Solve Matrix Application for Single Women's Poll Answers

[kuahji]

The question is "For single women in the poll, the percentage who said no exceeded the combined percentages for those who said yes and those who said not sure by 22%. If the percentage who said yes is doubled, it is 7% more than the percentage who said no. Find the percentage of single women who responded yes, no, and not sure."

The chapter deals with matrices so I naturally tried to setup the problem as follows
1 1 -1 | -22 (yes, no, not sure)
2 0 -1 | 7

The back of the book setups on an equations as follows
x + z = y - 22
2x = y + 7

I tried to eliminate one of the variables, but then I always end up with two unknowns in the final equation. The main problem I'm running into is that the chapter provides examples that Gaussian Elimination works nicely on, but this method does not appear to work so nicely on this problem. Is the way I setup it up the first time correct & is there a particular method that would work better than another to solve the problem?

Fyi, the back of the book as yes 34%, no 61%, & not sure 5% for the answer.

 

[Hurkyl]

I tried to eliminate one of the variables, but then I always end up with two unknowns in the final equation.

What does this fact tell you about the original system of equations? This result is giving you a big hint about what you need to do... if you know how to read the hint.

 

[dontdisturbmycircles]

If you have a system of equations with three unknowns but only two equations, what do you know about the system(can there be a unique solution)? Do you know about free variables yet?

Basically you reduce the system to echelon form, reduced echelon form if you like(easier as you will need to use back-substitution later if you don't, but some people like doing that for some odd reason), and the variables that do not appear as leading 1's in the system are called 'free variables', you can assign any number to them and get a solution, in other words the system has an infinite number of solutions. You can also solve the system by solving for the non-free variables in terms of the free variables.

I am assuming that in your problem you find the general solution for the system by solving for the non-free variables in terms of the free variables, then plug in a value for the free variable z and find the solution you are looking for. Can you do it with this information?

 

[D H]

You have an underspecified system of equations. A unique solution cannot exist. To illustrate, suppose you had but two unknowns and the single equation 2x=y+7. What is the solution? It is a line, not a point. Some other piece of information is needed to reduce the problem to a single solution.

In this case, such information exists. What else can you say about the percentages for yes, no, and not sure?

 

[Wreef]

The chapter deals with matrices so I naturally tried to setup the problem as follows
1 1 -1 | -22 (yes, no, not sure)
2 0 -1 | 7
.

Your trying to solve a simultaneous equation using a matrix, Yeah? Well, the co-efficient matrix has to be square, and the number of collumns in the co-efficient matrix has to equal the number of rows in the other one.

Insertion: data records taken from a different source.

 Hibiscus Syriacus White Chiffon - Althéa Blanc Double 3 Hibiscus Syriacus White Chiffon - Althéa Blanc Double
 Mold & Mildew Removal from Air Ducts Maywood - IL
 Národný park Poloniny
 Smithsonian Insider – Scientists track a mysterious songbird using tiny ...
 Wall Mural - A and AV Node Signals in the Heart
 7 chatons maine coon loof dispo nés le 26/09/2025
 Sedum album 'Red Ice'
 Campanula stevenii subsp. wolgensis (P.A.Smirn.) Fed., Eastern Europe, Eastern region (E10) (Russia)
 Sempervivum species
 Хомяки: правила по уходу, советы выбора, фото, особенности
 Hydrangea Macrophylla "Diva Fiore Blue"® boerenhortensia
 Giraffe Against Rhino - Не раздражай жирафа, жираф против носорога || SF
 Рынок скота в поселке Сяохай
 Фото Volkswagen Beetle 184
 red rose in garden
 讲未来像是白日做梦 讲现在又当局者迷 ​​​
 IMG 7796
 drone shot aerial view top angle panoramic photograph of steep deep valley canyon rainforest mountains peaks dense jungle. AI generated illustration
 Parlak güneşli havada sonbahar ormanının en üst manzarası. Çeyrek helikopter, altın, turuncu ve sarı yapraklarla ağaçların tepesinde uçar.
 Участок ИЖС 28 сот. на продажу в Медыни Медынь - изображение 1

The back of the book setups on an equations as follows
x + z = y - 22
2x = y + 7

It seems to me like there is information missing? Why does one equation have two variables, the other three?

You need either two equations with two variables, or three equations with three variables.

 

[kuahji]

In this case, such information exists. What else can you say about the percentages for yes, no, and not sure?

This here really did the trick.

I set the matrix up as

1 1 -1 | -22
2 0 -1 | 7
1 1 1 | 100

Then broke it down to

1 0 0 | 34
0 1 0 | 5
0 0 1 | 61

So it worked, thanks for the tip, was working on this one for a long time & just couldn't solve the two equations by themselves, but that makes sense now why not.